- What is required
Everything from the line holding "TWIN PISTON FILLER PARTS - Image 3 of 12" through the last line of the data, and nothing else, should be retyped exactly, with no pictures.

- Information supplied
━━━━━━━━━━━━━━━━

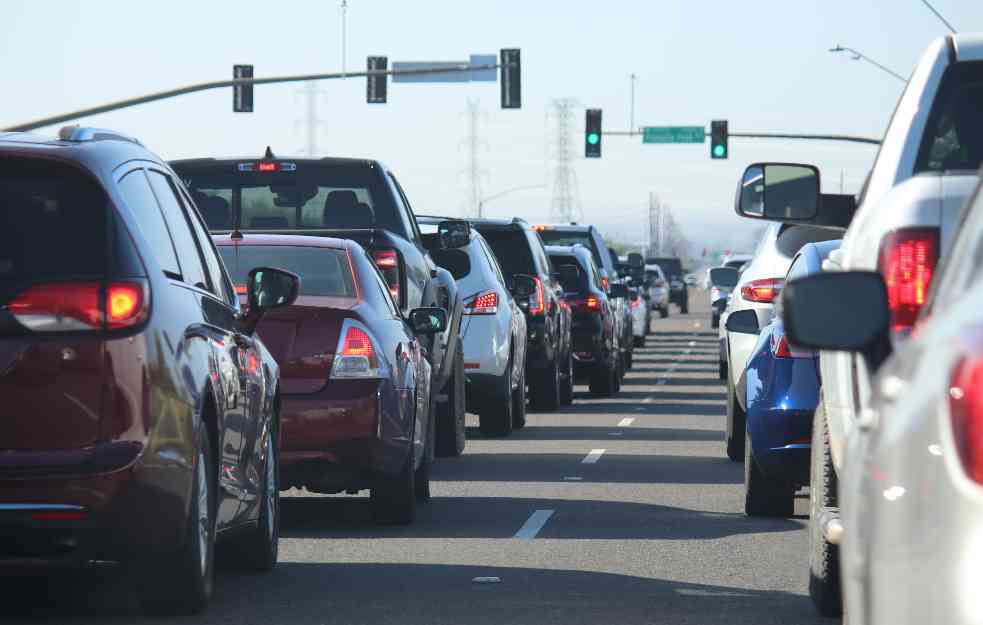 OPREZ ZA VOZAČE: Pojačan saobraćaj, najviše na prilazima gradovima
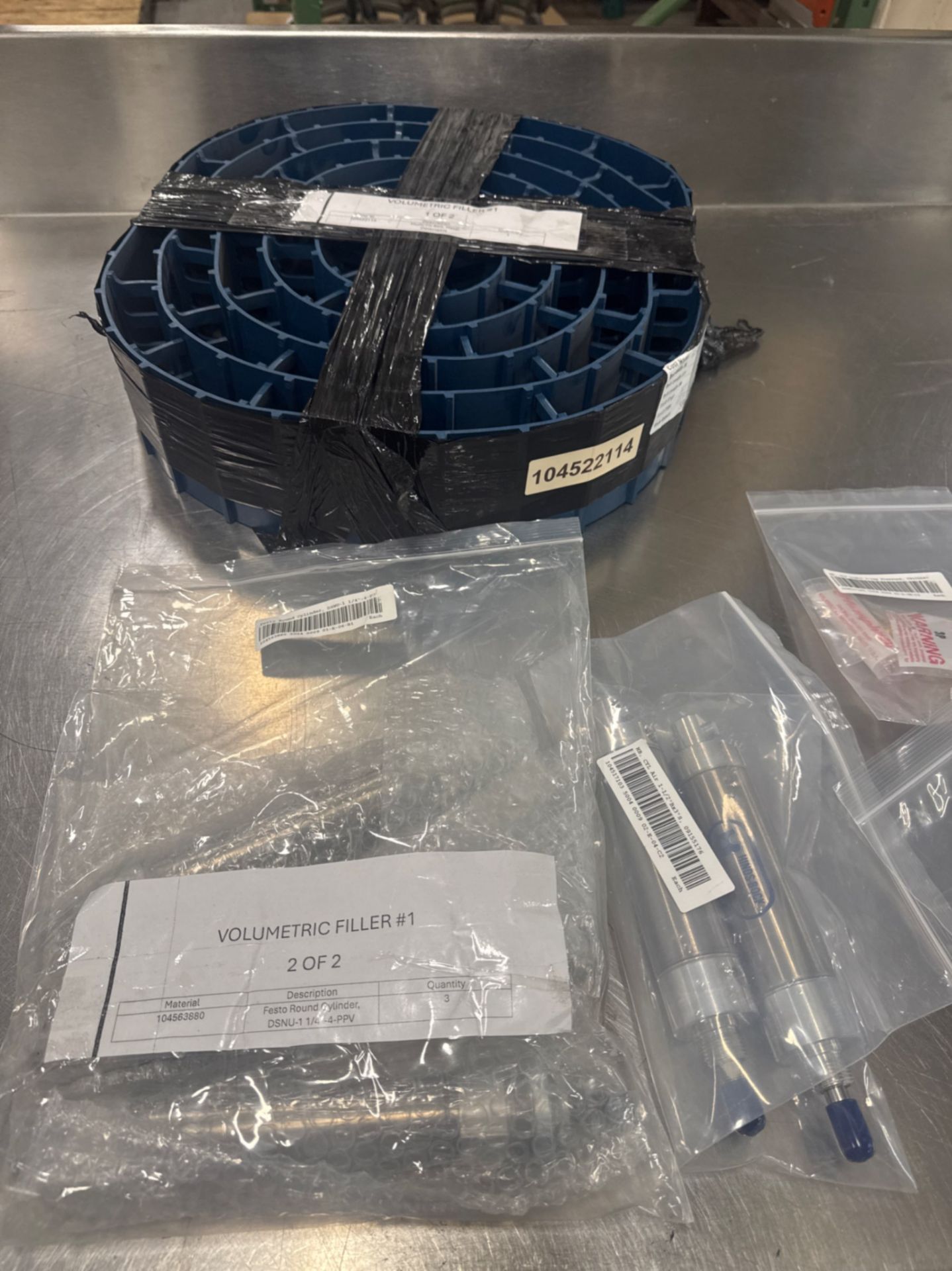 TWIN PISTON FILLER PARTS - Image 3 of 12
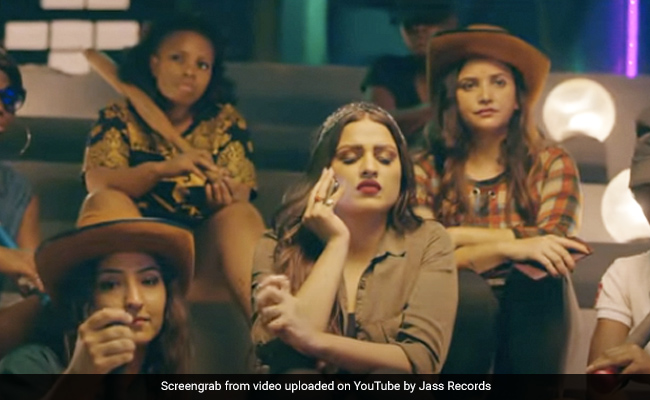 Himanshi Khurana के पंजाबी सॉन्ग 'ब्लडलाइन' का जबरदस्त धमाल, Video 2 करोड़ के पार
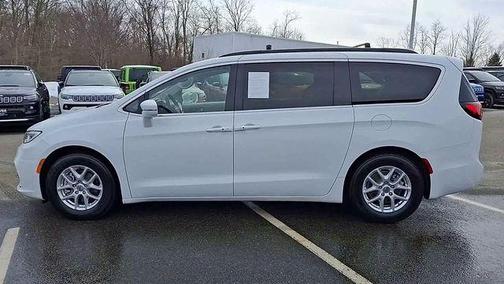 2022 Chrysler Pacifica Touring-L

━━━━━━━━━━━━━━━━

- Task output
 TWIN PISTON FILLER PARTS - Image 3 of 12
 Himanshi Khurana के पंजाबी सॉन्ग 'ब्लडलाइन' का जबरदस्त धमाल, Video 2 करोड़ के पार
 2022 Chrysler Pacifica Touring-L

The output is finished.